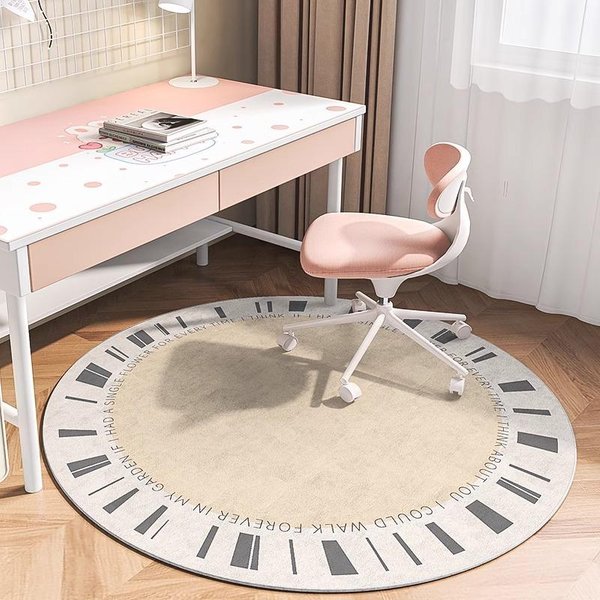 Minimalistyczny OkrąGłY Dywan Z Wzorem Kropek – ŚWieżY MięKki AntypośLizgowy Dywan Dekoracyjny Do Salonu Sypialni Przedpokoju Diameter 90Cm(35In)-image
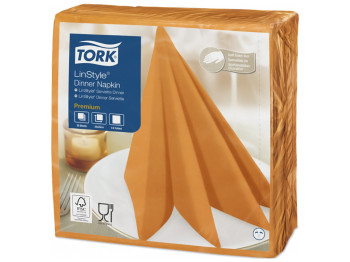 Салфетки для декора Tork LinStyle Premium, 39х39см, оранжевые (цена за упаковку 50шт)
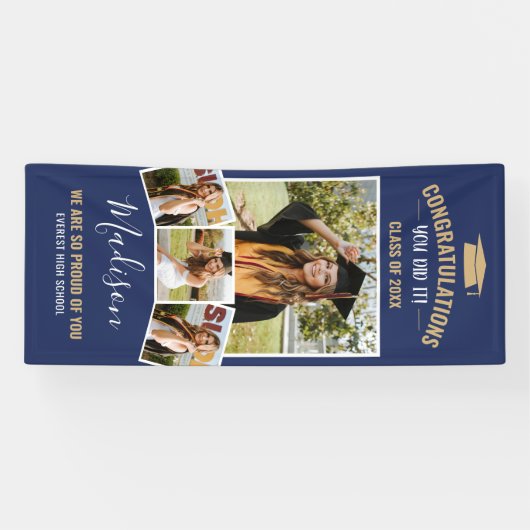 Stijlvolle Navy Blue 4 Photo Collage Afstuderen Spandoek (Horizontaal)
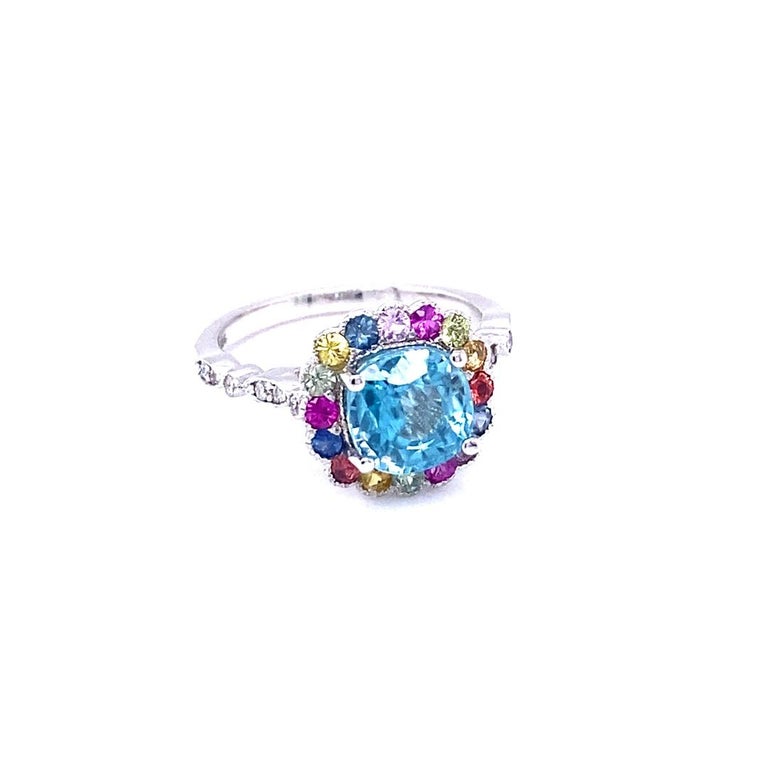 3.89 Ct Blue Zircon, Multicolor Sapphire, Diamond 14 Karat White Gold Ring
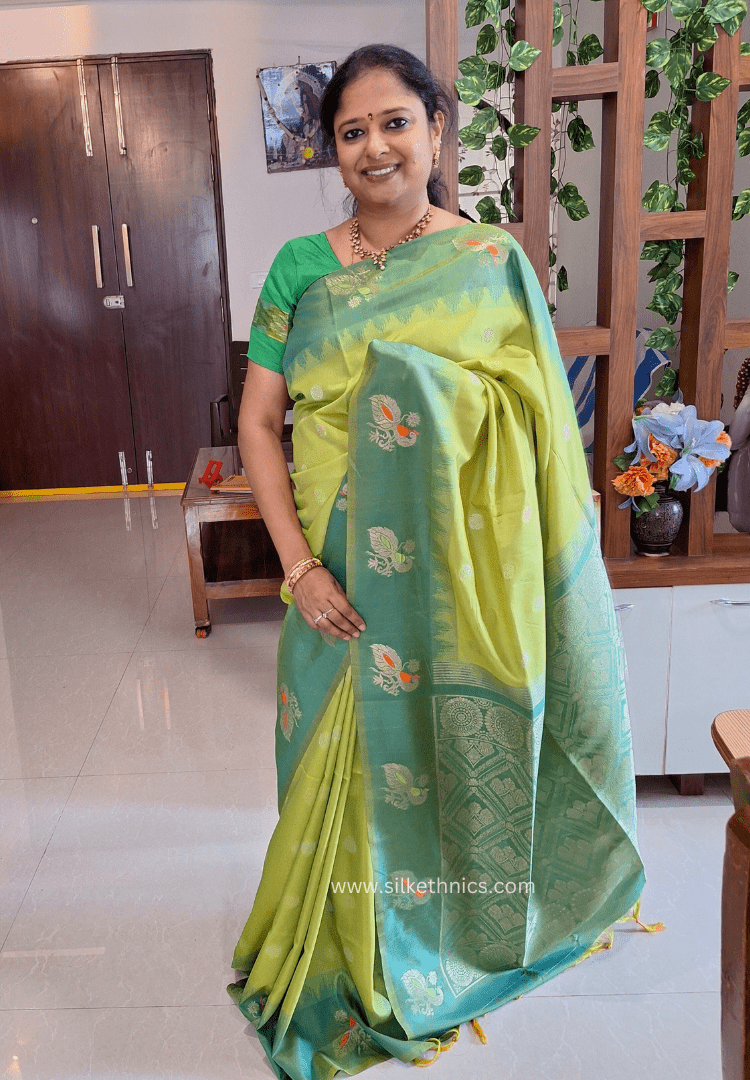 Pear green Madhuram soft silk saree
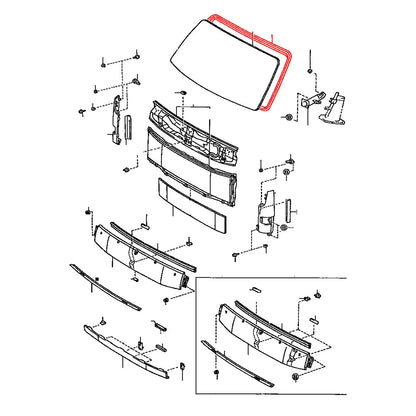 Front Windshield Weatherstrip for Toyota Dyna 150 1995-2001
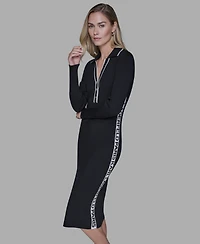 Karl Lagerfeld Paris Women's Logo Tape Sweater Dress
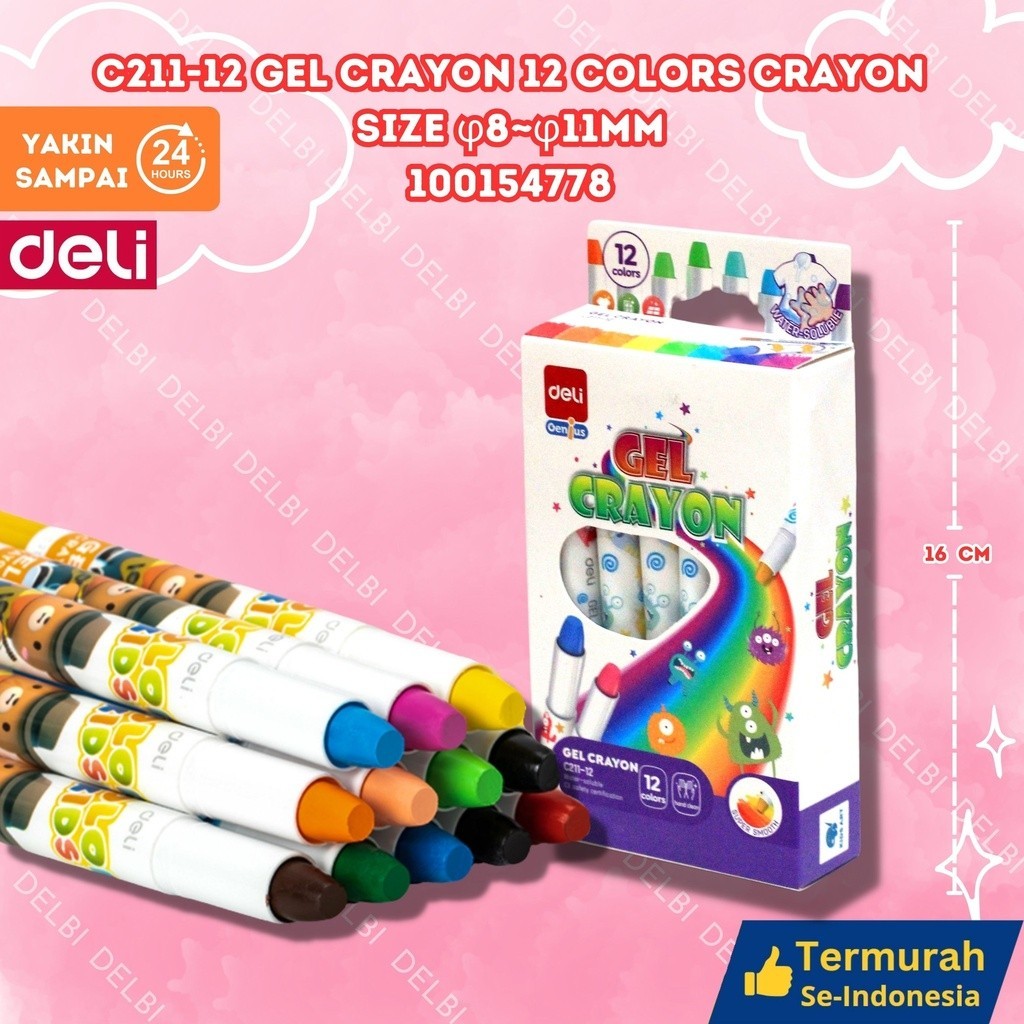 

Deli Gel Crayon / Krayon 12 24 Warna Tidak Mengotori Tangan Bersertifikat Aman EC211 C211-12 Gel Crayon 12 Colors Crayon size φ8~φ11mm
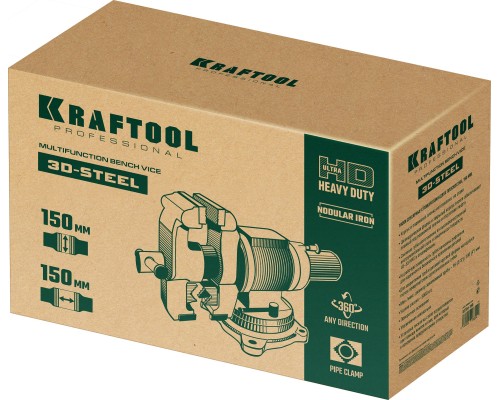 Слесарные тиски 3D-Steel, 150 мм KRAFTOOL 32704-150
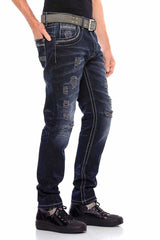 CD539 Men's comfortable jeans with casual distressed details
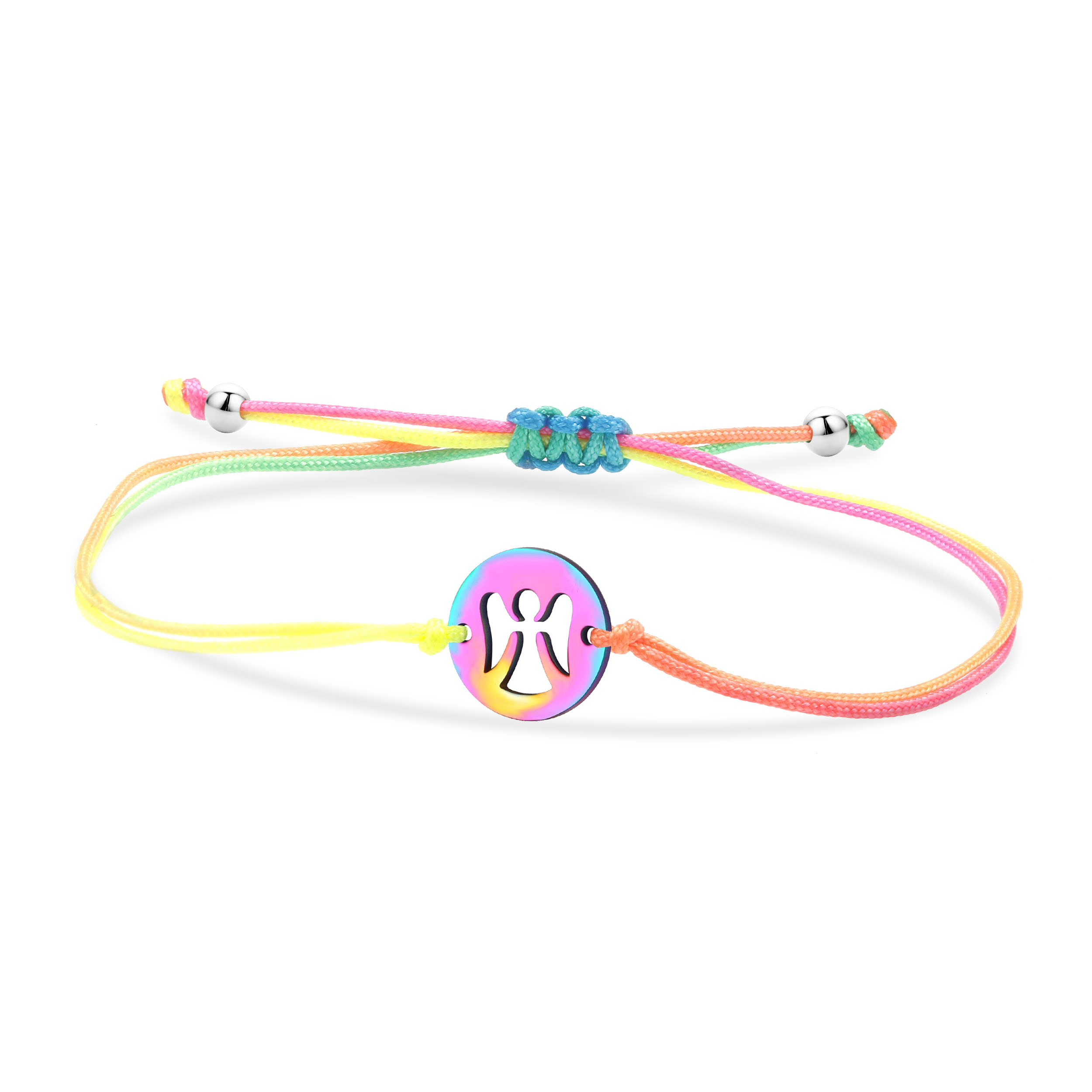 Veelkleurige Roestvrijstalen Ronde Schijven Uitgeholde Engel Bedelarmband Vrouwen 2024 Mode Rood Blauw Paars Koord Sieraden Cadeau: Hot Stamping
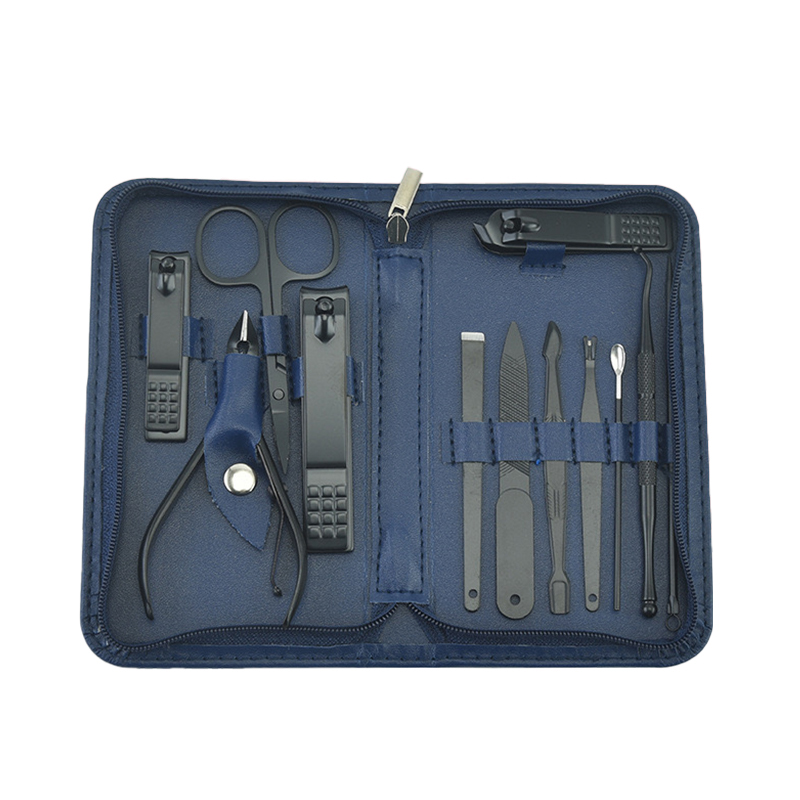 12Pcs Black Nail Clipper Set with Toenail Clipper, Multi-Size Slanted/Flat Blade Nail Cutters, Professional Manicure Pedicure Kit for Home & Travel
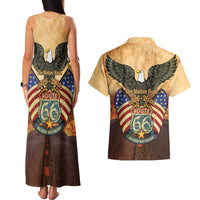 Route 66 Highway United States Couples Matching Tank Maxi Dress and Hawaiian Shirt Mother Road Happy 100th Anniversary Proud - Wonder Print Shop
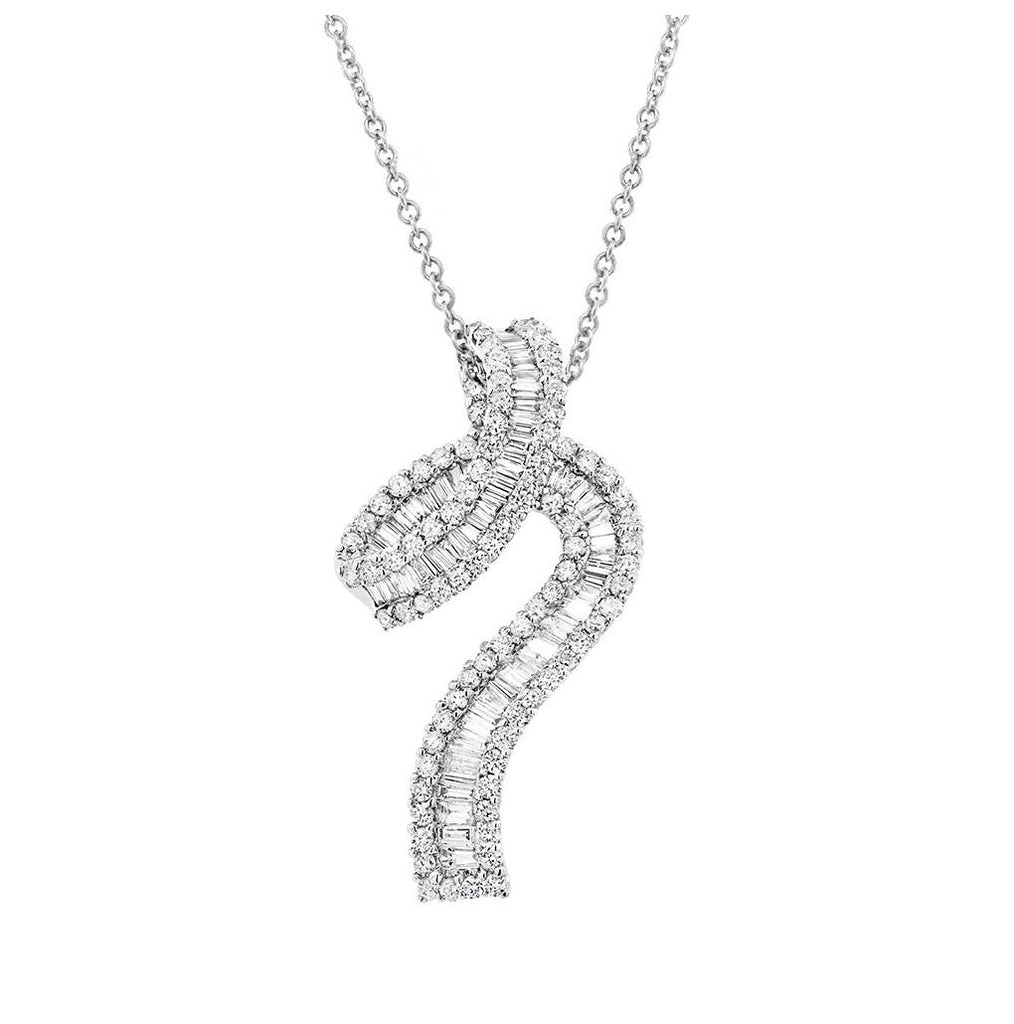 2.27 Ctw 18k White Gold Diamond Baguette Pendant Necklace With 18 Inch Chain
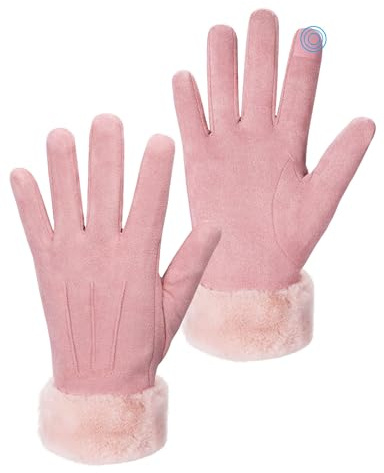 Becellen Women's Winter Gloves - Elegant Suede Leather Touch Screen Warm Windproof Gloves for Women & Girls - Fashion & Outdoor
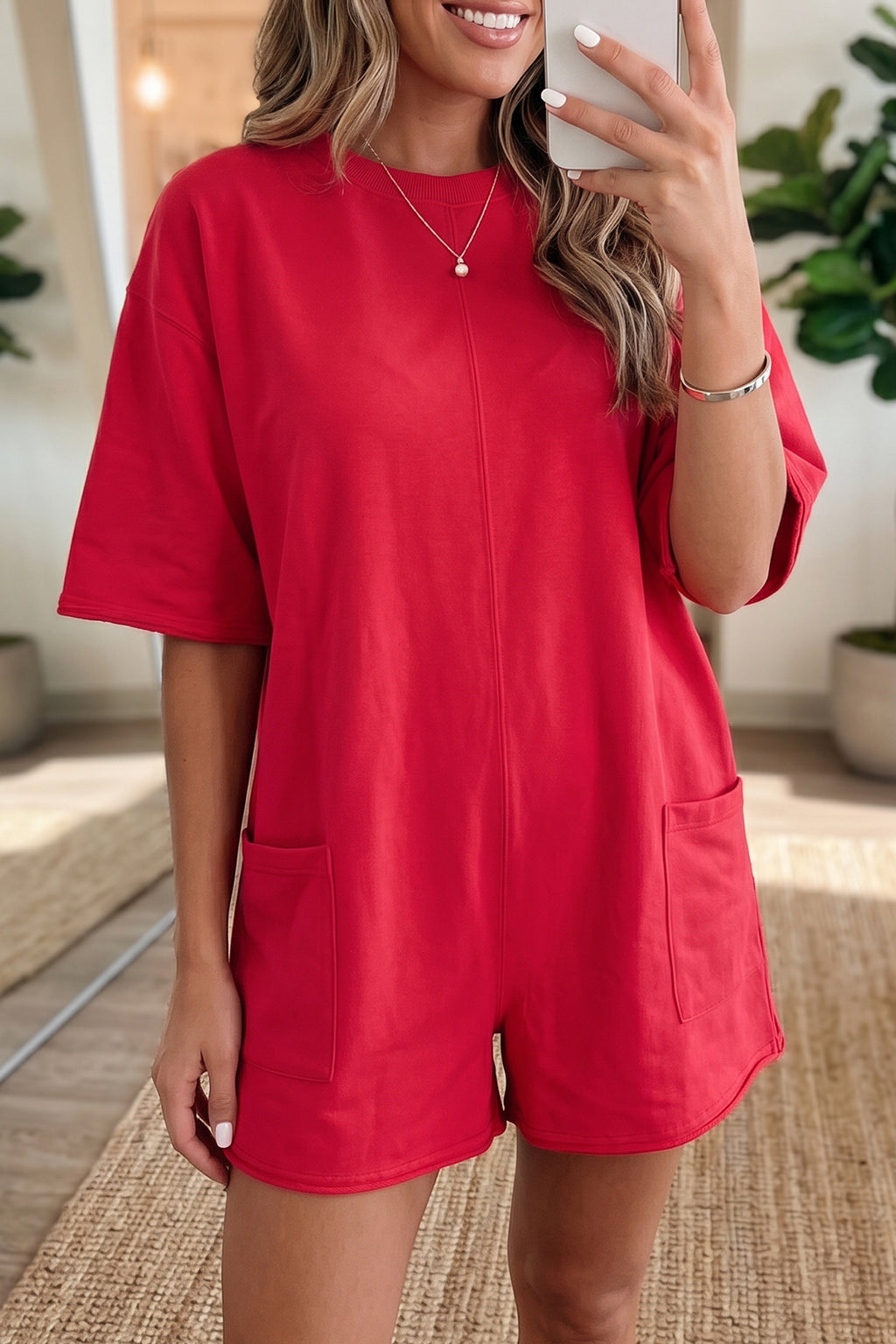 Pink Solid Color Raw Edge Half Sleeve Pocketed Loose Romper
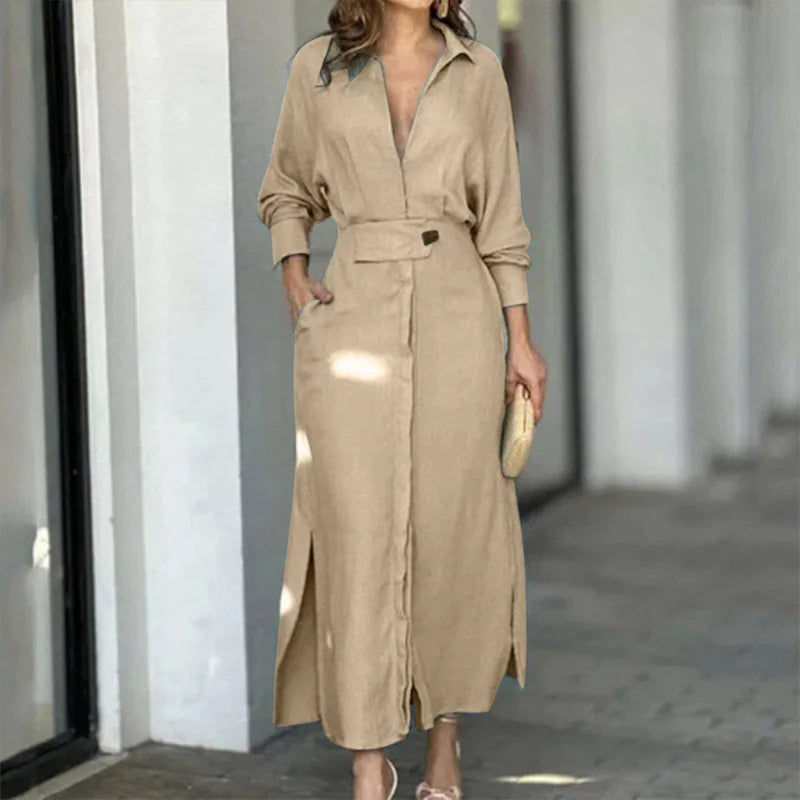 Long Sleeve Irregular Shirt Dress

===============

With the pictures excluded, restate word for word each line from the one that contains "Слесарные тиски 3D-Steel, 150" through the last line of the listing above.

Result of this task:
 Слесарные тиски 3D-Steel, 150 мм KRAFTOOL 32704-150
 CD539 Men's comfortable jeans with casual distressed details
 Veelkleurige Roestvrijstalen Ronde Schijven Uitgeholde Engel Bedelarmband Vrouwen 2024 Mode Rood Blauw Paars Koord Sieraden Cadeau: Hot Stamping
 12Pcs Black Nail Clipper Set with Toenail Clipper, Multi-Size Slanted/Flat Blade Nail Cutters, Professional Manicure Pedicure Kit for Home & Travel
 Route 66 Highway United States Couples Matching Tank Maxi Dress and Hawaiian Shirt Mother Road Happy 100th Anniversary Proud - Wonder Print Shop
 2.27 Ctw 18k White Gold Diamond Baguette Pendant Necklace With 18 Inch Chain
 Becellen Women's Winter Gloves - Elegant Suede Leather Touch Screen Warm Windproof Gloves for Women & Girls - Fashion & Outdoor
 Pink Solid Color Raw Edge Half Sleeve Pocketed Loose Romper
 Long Sleeve Irregular Shirt Dress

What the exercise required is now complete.